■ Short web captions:

******************************

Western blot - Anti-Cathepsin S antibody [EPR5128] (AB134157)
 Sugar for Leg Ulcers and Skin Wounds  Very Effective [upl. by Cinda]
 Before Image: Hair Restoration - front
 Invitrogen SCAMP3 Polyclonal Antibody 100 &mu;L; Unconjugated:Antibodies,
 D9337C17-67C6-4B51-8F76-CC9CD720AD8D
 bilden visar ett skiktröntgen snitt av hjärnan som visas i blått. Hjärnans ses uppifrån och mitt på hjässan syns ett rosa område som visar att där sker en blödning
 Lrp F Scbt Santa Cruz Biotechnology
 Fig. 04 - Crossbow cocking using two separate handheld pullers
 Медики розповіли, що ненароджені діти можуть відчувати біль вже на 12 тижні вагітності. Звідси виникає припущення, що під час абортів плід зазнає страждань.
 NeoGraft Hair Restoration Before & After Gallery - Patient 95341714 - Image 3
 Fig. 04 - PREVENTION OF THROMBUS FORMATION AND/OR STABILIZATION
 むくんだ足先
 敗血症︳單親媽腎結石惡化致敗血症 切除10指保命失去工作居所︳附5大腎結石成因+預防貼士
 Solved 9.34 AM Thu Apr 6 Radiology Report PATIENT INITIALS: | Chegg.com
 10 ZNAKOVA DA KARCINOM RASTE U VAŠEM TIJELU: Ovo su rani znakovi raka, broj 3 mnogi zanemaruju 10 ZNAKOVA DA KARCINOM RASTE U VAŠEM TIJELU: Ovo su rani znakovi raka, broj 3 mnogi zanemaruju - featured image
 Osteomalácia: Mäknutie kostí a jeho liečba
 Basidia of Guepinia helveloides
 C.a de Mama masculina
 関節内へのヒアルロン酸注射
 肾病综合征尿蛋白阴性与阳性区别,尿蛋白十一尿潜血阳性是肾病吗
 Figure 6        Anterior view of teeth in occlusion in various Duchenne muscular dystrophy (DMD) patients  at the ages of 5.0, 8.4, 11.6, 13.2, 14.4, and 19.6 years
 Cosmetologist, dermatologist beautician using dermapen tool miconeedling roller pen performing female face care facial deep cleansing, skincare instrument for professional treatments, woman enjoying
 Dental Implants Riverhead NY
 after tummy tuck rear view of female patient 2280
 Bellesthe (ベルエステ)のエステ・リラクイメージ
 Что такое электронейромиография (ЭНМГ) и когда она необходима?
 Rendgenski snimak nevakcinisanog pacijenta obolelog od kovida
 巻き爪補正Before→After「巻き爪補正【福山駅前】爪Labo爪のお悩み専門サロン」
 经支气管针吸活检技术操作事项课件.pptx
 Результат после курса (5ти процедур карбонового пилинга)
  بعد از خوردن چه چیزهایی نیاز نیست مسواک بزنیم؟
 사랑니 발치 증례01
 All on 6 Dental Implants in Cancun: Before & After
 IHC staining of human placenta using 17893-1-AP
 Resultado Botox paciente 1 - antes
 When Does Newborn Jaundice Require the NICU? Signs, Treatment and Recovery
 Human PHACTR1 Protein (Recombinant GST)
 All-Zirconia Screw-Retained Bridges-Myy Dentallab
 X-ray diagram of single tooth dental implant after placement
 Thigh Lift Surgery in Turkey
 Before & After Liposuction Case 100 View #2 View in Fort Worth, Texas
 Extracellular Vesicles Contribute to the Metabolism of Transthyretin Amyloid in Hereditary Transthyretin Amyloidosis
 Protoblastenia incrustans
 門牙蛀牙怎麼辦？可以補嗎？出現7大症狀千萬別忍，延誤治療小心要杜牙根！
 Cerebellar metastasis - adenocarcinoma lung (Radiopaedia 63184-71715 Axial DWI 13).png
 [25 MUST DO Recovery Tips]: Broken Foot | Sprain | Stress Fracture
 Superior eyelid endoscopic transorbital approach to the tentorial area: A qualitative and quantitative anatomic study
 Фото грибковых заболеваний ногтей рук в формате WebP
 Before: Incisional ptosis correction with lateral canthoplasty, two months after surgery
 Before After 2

******************************

■ TASK DESCRIPTION: Lines from the top of the entries above to the line that contains "after tummy tuck" should be set down exactly, please, with both ends kept and nothing added.

■ EXERCISE RESPONSE:
Western blot - Anti-Cathepsin S antibody [EPR5128] (AB134157)
 Sugar for Leg Ulcers and Skin Wounds  Very Effective [upl. by Cinda]
 Before Image: Hair Restoration - front
 Invitrogen SCAMP3 Polyclonal Antibody 100 &mu;L; Unconjugated:Antibodies,
 D9337C17-67C6-4B51-8F76-CC9CD720AD8D
 bilden visar ett skiktröntgen snitt av hjärnan som visas i blått. Hjärnans ses uppifrån och mitt på hjässan syns ett rosa område som visar att där sker en blödning
 Lrp F Scbt Santa Cruz Biotechnology
 Fig. 04 - Crossbow cocking using two separate handheld pullers
 Медики розповіли, що ненароджені діти можуть відчувати біль вже на 12 тижні вагітності. Звідси виникає припущення, що під час абортів плід зазнає страждань.
 NeoGraft Hair Restoration Before & After Gallery - Patient 95341714 - Image 3
 Fig. 04 - PREVENTION OF THROMBUS FORMATION AND/OR STABILIZATION
 むくんだ足先
 敗血症︳單親媽腎結石惡化致敗血症 切除10指保命失去工作居所︳附5大腎結石成因+預防貼士
 Solved 9.34 AM Thu Apr 6 Radiology Report PATIENT INITIALS: | Chegg.com
 10 ZNAKOVA DA KARCINOM RASTE U VAŠEM TIJELU: Ovo su rani znakovi raka, broj 3 mnogi zanemaruju 10 ZNAKOVA DA KARCINOM RASTE U VAŠEM TIJELU: Ovo su rani znakovi raka, broj 3 mnogi zanemaruju - featured image
 Osteomalácia: Mäknutie kostí a jeho liečba
 Basidia of Guepinia helveloides
 C.a de Mama masculina
 関節内へのヒアルロン酸注射
 肾病综合征尿蛋白阴性与阳性区别,尿蛋白十一尿潜血阳性是肾病吗
 Figure 6        Anterior view of teeth in occlusion in various Duchenne muscular dystrophy (DMD) patients  at the ages of 5.0, 8.4, 11.6, 13.2, 14.4, and 19.6 years
 Cosmetologist, dermatologist beautician using dermapen tool miconeedling roller pen performing female face care facial deep cleansing, skincare instrument for professional treatments, woman enjoying
 Dental Implants Riverhead NY
 after tummy tuck rear view of female patient 2280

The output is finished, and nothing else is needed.